Home Creating a base64 encoder/decoder with Python - Part 1
Post
Cancel

Creating a base64 encoder/decoder with Python - Part 1

Hello friend,

In this series, we are going to be creating a simple base64 encoder/decoder with python.

We are going to do so from scratch, the aim is to understand the underlying process of how it works.

What is base64 ?

Before attacking base64, we need to understand what a numbering system is.

We, as humans, use base10 as our standard numbering system. If I ask you to spit out all of the digits you know, you are going to answer back with :

0 1 2 3 4 5 6 7 8 9

10 defines how many symbols are in that numbering system.

There is also base2 or Binary, which , if you guess, has only 2 symbols, 0 and 1, and is pretty much a fundamental component of computing, electronics, digital technology…

Okey, what about base64 now ?

Following the same logic, base64 is a numerical system which uses 64 symbols to encode data.

Those symbols are [A-Z,a-z] , [0-9] ,+ and /

Here is the complete symbol table

Creating the symbol set

Now, first of all let’s build this table using python.

Here is a very simple way of doing int it:

1
2
3
4
5
6
# creating the base64 symbol set
A_Z = [chr(i) for i in range(65,91)]
a_z = [chr(i) for i in range(97,123)]
zero_nine = [chr(i) for i in range(48,58)]
additional_chars = ['+','/']
base64_symbol_table = A_Z + a_z + zero_nine + additional_chars
1
2
print(base64_symbol_table)
['A', 'B', 'C', 'D', 'E', 'F', 'G', 'H', 'I', 'J', 'K', 'L', 'M', 'N', 'O', 'P', 'Q', 'R', 'S', 'T', 'U', 'V', 'W', 'X', 'Y', 'Z', 'a', 'b', 'c', 'd', 'e', 'f', 'g', 'h', 'i', 'j', 'k', 'l', 'm', 'n', 'o', 'p', 'q', 'r', 's', 't', 'u', 'v', 'w', 'x', 'y', 'z', '0', '1', '2', '3', '4', '5', '6', '7', '8', '9', '+', '/']

Let’s break down how the above code works.

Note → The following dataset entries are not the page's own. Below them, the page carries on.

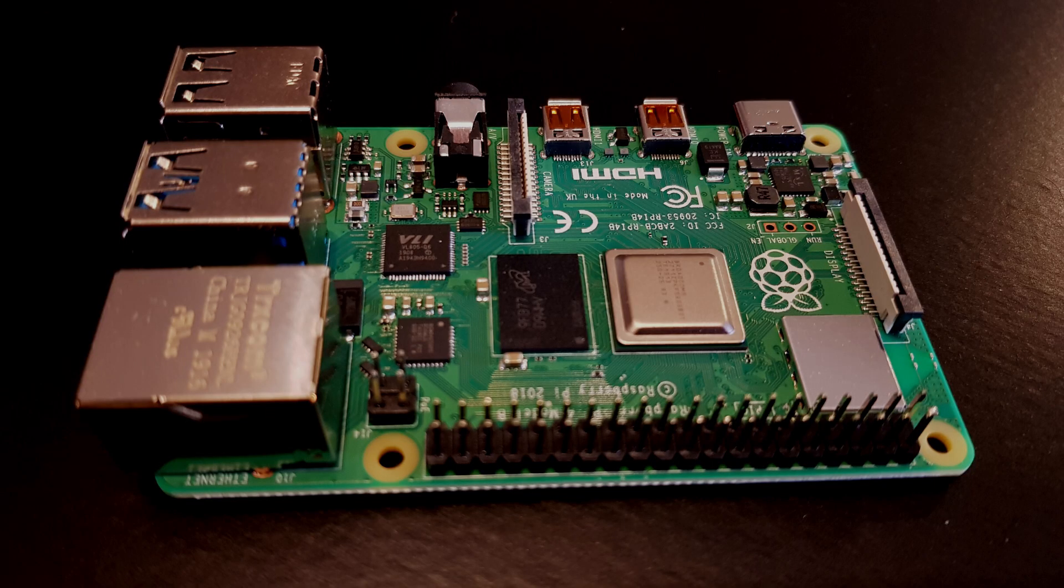I also have another video where I explain how to mine Monero on a Raspberry Pi. I used an entirely different system, so you might be interested in it too.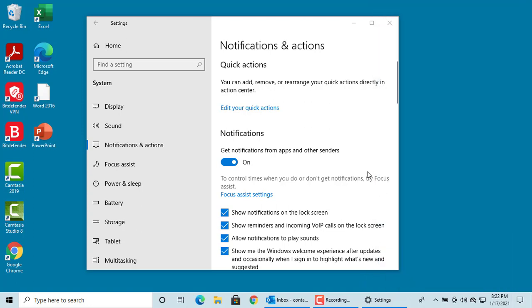You can also control if you want to get notifications from apps or not in action center. You can switch it on or off. You have some additional controls like if you want the notifications to be displayed on lock screen or not, allow notifications to play sounds, etc.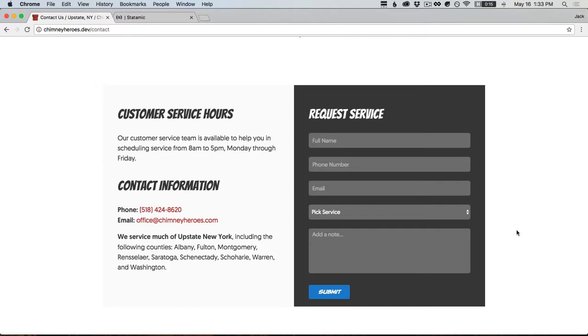All right, so in the last episode we built a functional contact form that captured some data and let you view it in the control panel. Now we're going to add some additional layers onto that. The first thing I want to cover is basic validation.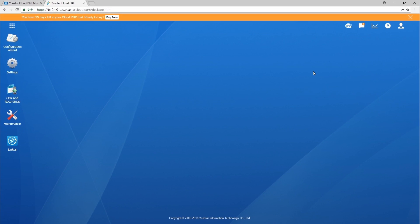Alright guys, that was all for the Cloud PBX Quick Start Guide. Thanks for watching. For a more detailed configuration guide, please refer to Yeastar Cloud PBX user manual.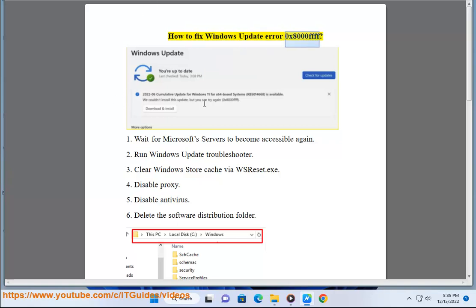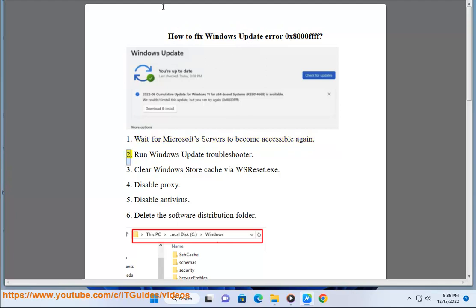How to fix Windows Update Error 0x8000FFFF. Step 1: Wait for Microsoft servers to become accessible again.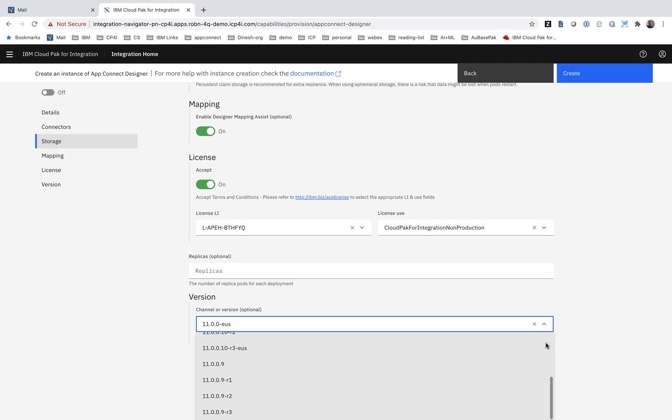Software details that matter are things like the software version because we know that integration customers test particular versions. So we make it as simple as selecting a value in a drop-down, and then we'll go and download and deploy the appropriate container images out onto this cluster.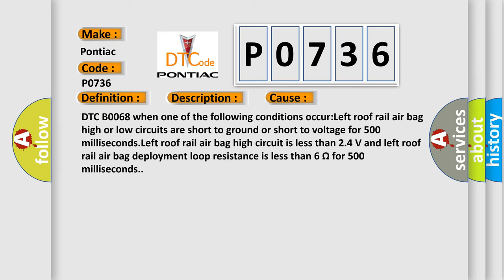DTC B0068 when one of the following conditions occur: Left roof rail airbag high or low circuits are short to ground or short to voltage for 500 milliseconds. Left roof rail airbag high circuit is less than 2.4 volts. And left roof rail airbag deployment loop resistance is less than 6 ohms for 500 milliseconds.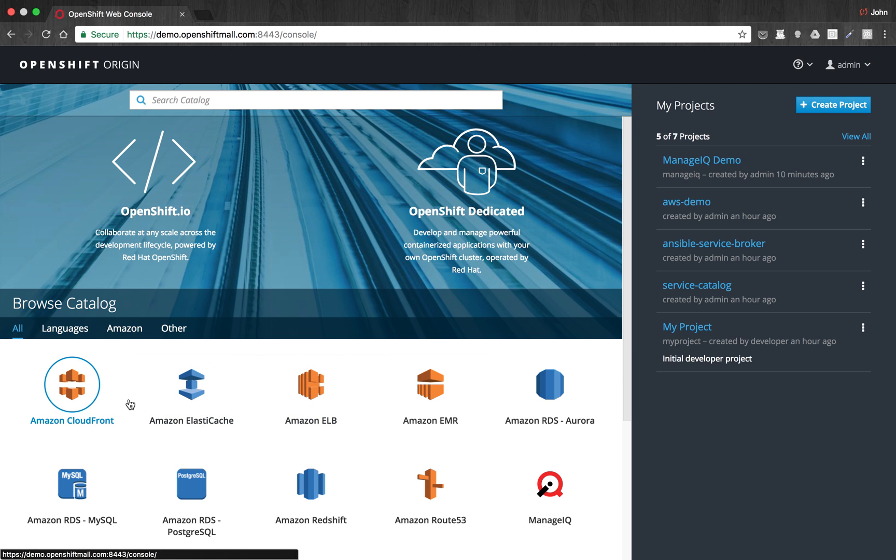In this case, we'll look at the Ansible Service Broker, which is powered by Ansible Playbook Bundles. Those are essentially a lightweight application definition that uses a bundle of Ansible Playbooks to manage the tasks for the various applications.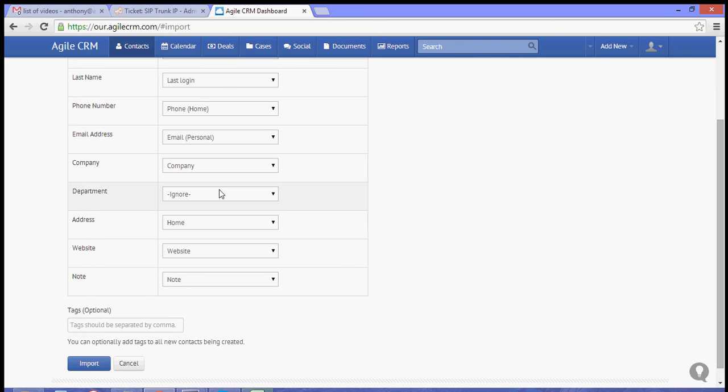Now if you have a header that does not match your field, you can go back to your CSV file and delete that header, or you can just simply choose ignore.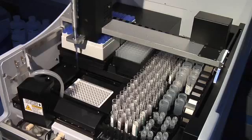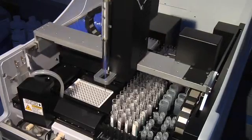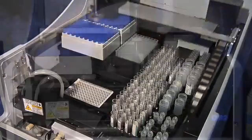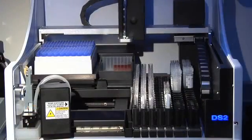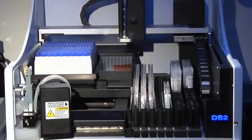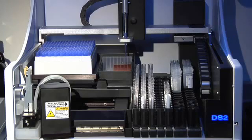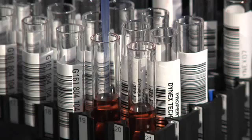The DS2 performs all functions automatically that were previously done manually, including sample dilution. The DS2 even does serial dilutions, important for many research applications.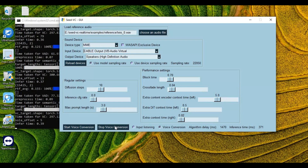Amazing, right? Not only is the voice changed — the accent changed too. And the good thing is you can use this in portable form.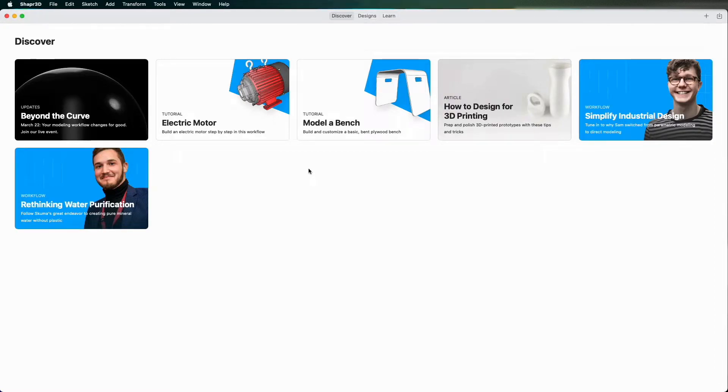Hello and welcome to Interactive Canon Tech. Today I'm going to be going through Shaper3D, just a nice basic tutorial.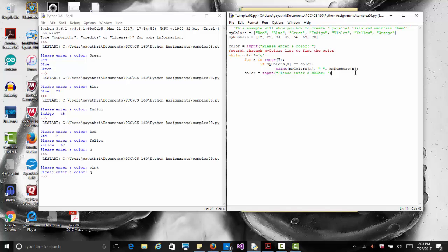This introduces - we have already done lists, but it talks about how to work with two lists, multiple lists. It's not just two - you can have another list that is parallel to this that will keep track of something else that goes with colors and numbers. So it shows you how to work with multiple lists and multiple parallel lists.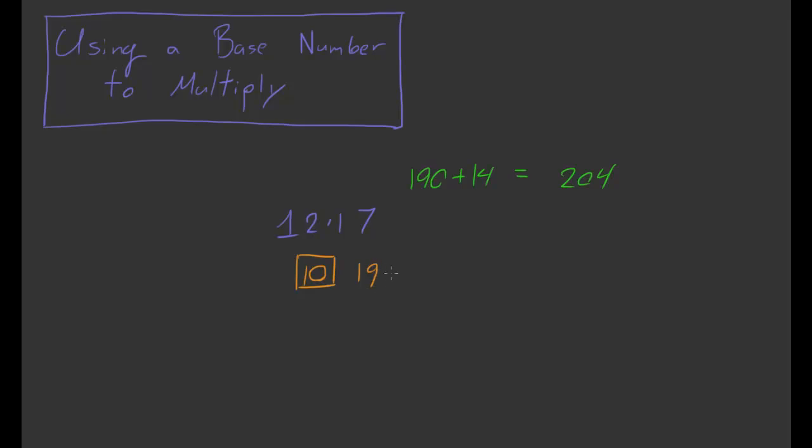10 times 19 is equal to 190. And then we add to that 2 times 7, which is equal to 14. And that's where we get the 204.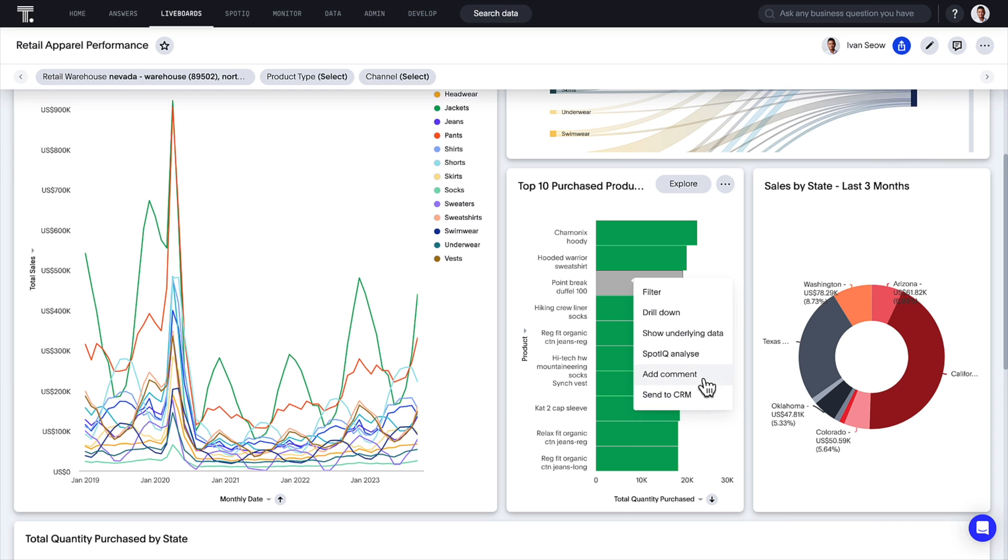That's ThoughtSpot Analytics' latest release. Limitlessly search all of your cloud data for actionable insights with the only AI-powered analytics platform built for the modern data stack.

I’ll explain the first line and you do the math:

  • range(65,91) creates a range of numbers from 65 to 90 (inclusive), which represent the ASCII values for the uppercase letters A to Z.
  • chr(i) is a built-in Python function that takes an integer argument and returns the corresponding ASCII character. So chr(65) returns the character 'A', chr(66) returns ‘B', and so on.
  • [chr(i) for i in range(65,91)] is a list comprehension that applies the chr() function to each integer in the range 65 to 90, and creates a new list with the resulting characters. The end result is a list of strings containing the uppercase letters from A to Z.

Creating the encoder

A bit of theory

Now before attacking this part, we need to understand how the encoding part actually works.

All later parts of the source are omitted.